- Recommends fiscal consolidation and tightening monetary policy
- 2018 growth predicted at 4.6% below CB projections
- Further delays in SOE reform, bad weather and debt major risks
- CEB, CPC and SriLankan rake up Rs. 52b in losses or 0.4% of GDP
- Future reviews to set key milestones on SriLankan as a structural benchmark
The International Monetary Fund (IMF) envisages Sri Lanka’s economy normalising in 2018 with the real GDP growth projected to reach about 4.6% over the medium term; however, the global lender called on the Government to continue its reform process centered on fiscal consolidation to maintain stabilisation momentum.
“The real GDP growth is projected to increase from 4.2% in 2017 to 4.6% in 2018, as agriculture recovers with the return of normal weather conditions while construction and services remain resilient, the IMF said in its staff report on Sri Lanka. This, however, is marginally below the Central Bank’s predictions of growth being between 5% and 5.5%, as detailed in the institution’s Roadmap.
Similarly, inflation is projected to revert to around 5% in end-2017 and throughout 2018. The current account deficit is projected to shrink from 3% of GDP in 2017 to 2.5% in 2018.
Over the medium term, growth is projected to reach about 5%, consistent with IMF staff estimate of potential growth.
The IMF on Friday released the staff report pertaining to the third review of the Extended Arrangement under the Extended Fund Facility with Sri Lanka.
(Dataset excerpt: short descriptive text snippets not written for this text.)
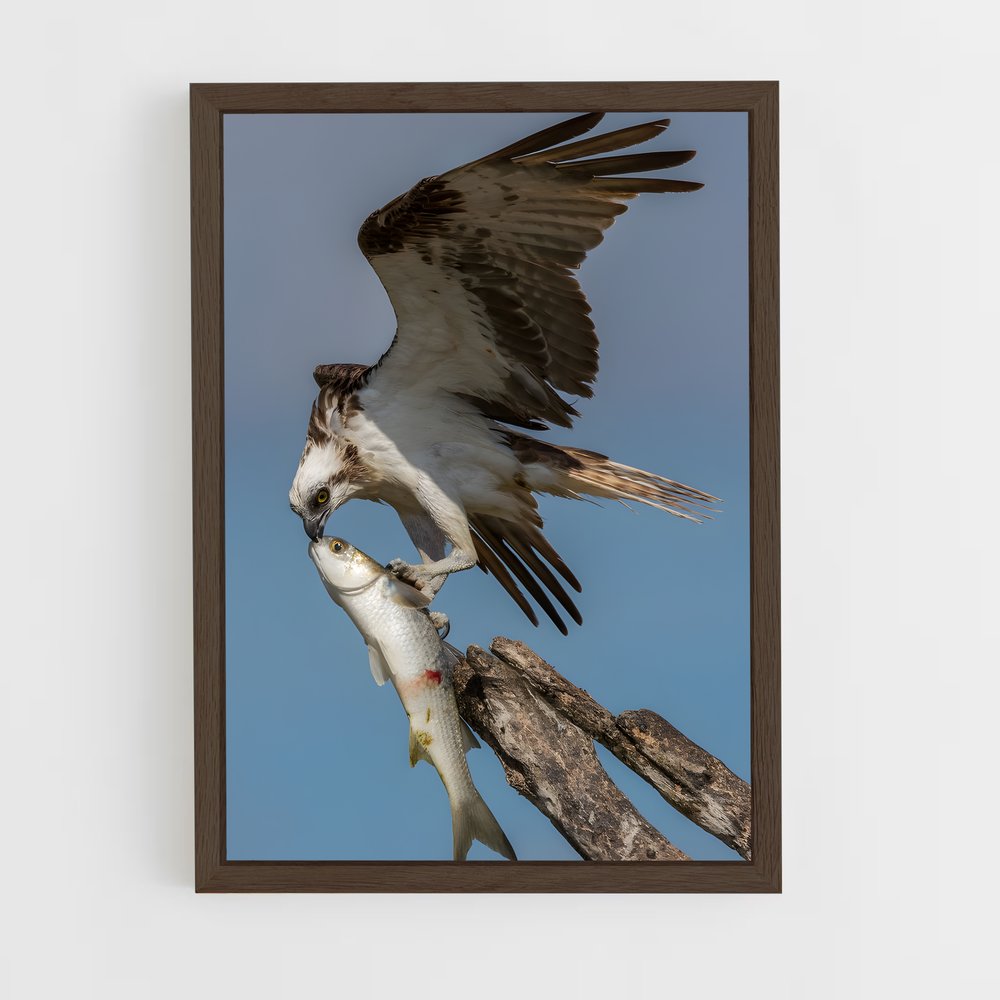 ap-osprey-6 cadre Bois foncé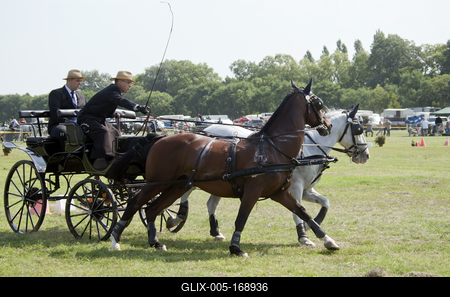 39th Kösely Kupa Hungary/Hajdúszoboszló 2020-stock-foto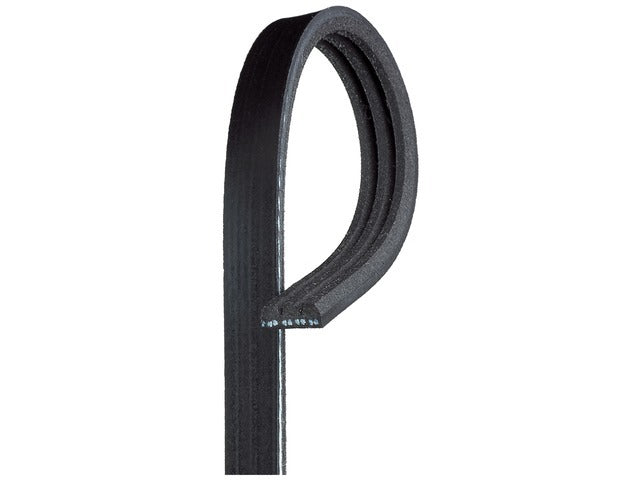 Drive Belt K030305SF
The report includes the Third Review under the Extended Arrangement under the Extended Fund Facility and Request for Modification of Performance Criterion-Press Release, Staff Report, and Statement by the Executive Director for Sri Lanka.
Sri Lanka is pursuing a 3-year reform program with IMF support under the extended arrangement under the Extended Fund Facility (EFF) since June 2016. Macro stabilisation and two major tax reforms were the key outcomes of the first half of the program.
The IMF said the performance has been broadly on track regarding fiscal consolidation, revenue mobilisation, monetary policy management, and reserves accumulation.
The Government legislated in 2016 a new Inland Revenue Act as well as VAT amendments which narrowed exemptions.
The program’s landmark reform, the new Inland Revenue Act, was legislated in October 2017 and will be implemented in April 2018. Consistent with the objectives of the EFF-supported program, the Government of Sri Lanka announced a new far-reaching economic plan titled Vision 2025 in September 2017.
“The staff report, however, predicts the downside risks to remain significant given the high level of public debt and need for further fiscal consolidation, fiscal risks include ineffective implementation of the IRA, further delays in SOE reforms, and failure to provide for weather calamities,” the IMF statement said.
Too slow a deceleration in credit growth could add to the financial sector vulnerability, and some upside risks to near-term inflation outlook remain, the report said.
According to the global lender, Sri Lanka’s external position remains weaker than implied by fundamentals and desirable policy settings. While the current account gap remains moderate and international reserves have increased, reserve coverage remains low by most adequacy metrics, it said.
Risks to public debt sustainability remain elevated as the public debt, comprising central government debt, guaranteed debt, and Fund credit outstanding, is expected to rise slightly to 87 percent of GDP in 2017 due to the still large fiscal deficit and the weaker exchange rate.
The IMF says Sri Lanka’s fiscal consolidation needs to continue and the reforms to make state-owned enterprises (SOEs) more profitable need to be accelerated.
The report says the weak financial performance of major SOEs in 2017 highlights the need for timely reforms. Three SOEs closely monitored under the program – Ceylon Electricity Board (CEB), Ceylon Petroleum Corporation (CPC), and SriLankan Airlines – recorded a combined loss of Rs 52 billion(0.4 percent of GDP) in first half of 2017 as opposed to a combined profit of 0.2 percent of GDP in 2016.
“Rising oil prices and weather shocks raised the cost of non-commercial obligations (NCOs) to supply electricity and fuel at prices below cost-recovery levels. The efforts to restructure the airline have hit an impasse, as the search for a strategic partner restarted under the new task force overseen by the Prime Minister’s Office. Future program reviews will discuss the action plan for the airline and set key milestones as a structural benchmark.”
The IMF review said the monetary policy should maintain a tightening bias until clearer signs emerge that inflation and credit growth have stabilised, supported by macro prudential measures as needed.
The staff review said the IMF fund program will remain fully financed for the next 12 months, although risks remain significant. Firm financing assurances from the World Bank, the Asian Development Bank, and key bilateral donors, are in place, and prospects are favourable for adequate multilateral and bilateral financing for the remainder of the program, it said.